> [Exercise prompt] Every line of the data below must be output exactly, with images left out.

> [Provided material]
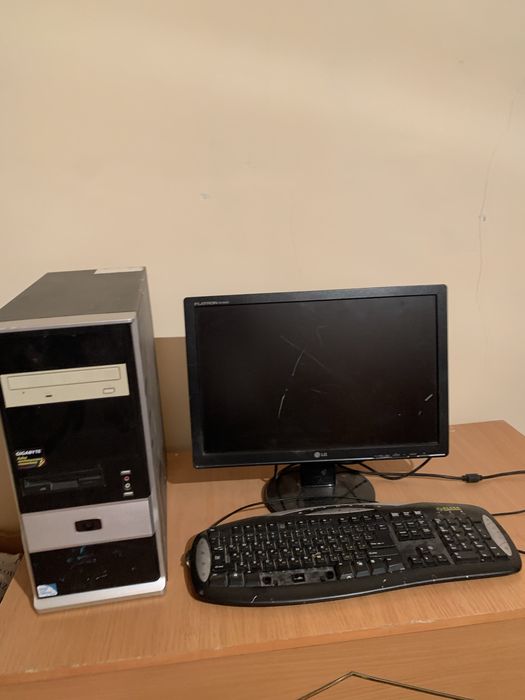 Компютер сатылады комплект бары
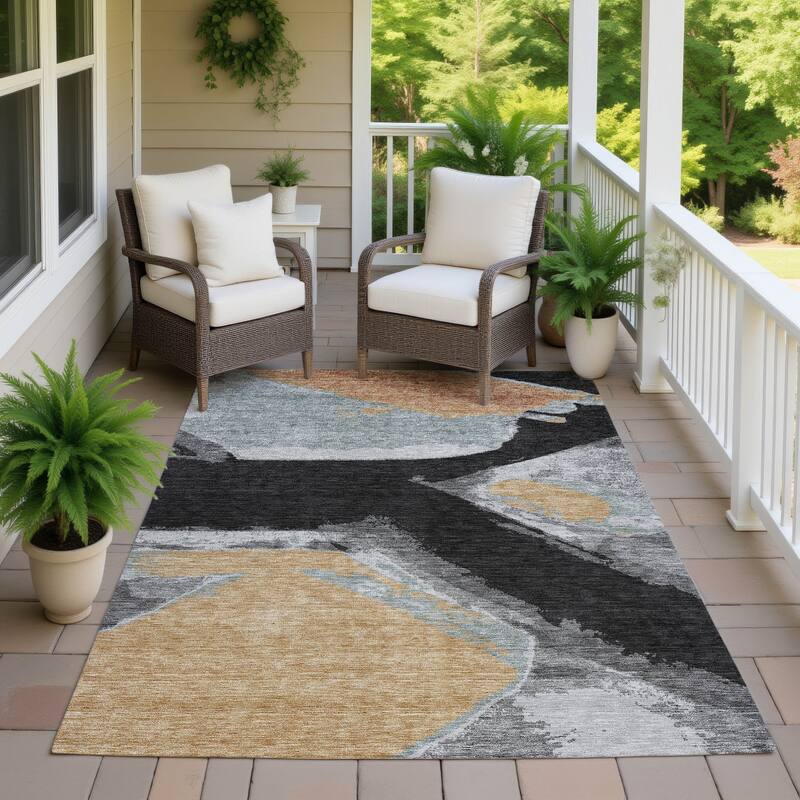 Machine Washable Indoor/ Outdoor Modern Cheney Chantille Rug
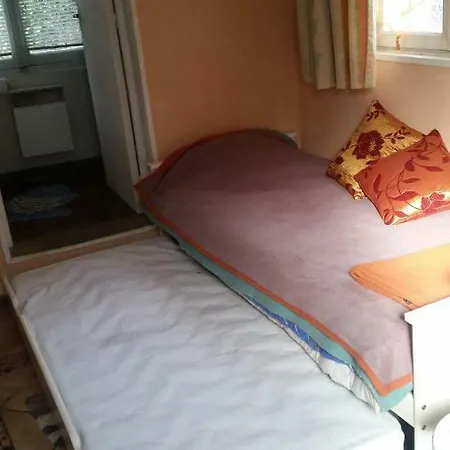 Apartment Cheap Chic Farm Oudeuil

> [Solution to this exercise]
 Компютер сатылады комплект бары
 Machine Washable Indoor/ Outdoor Modern Cheney Chantille Rug
 Apartment Cheap Chic Farm Oudeuil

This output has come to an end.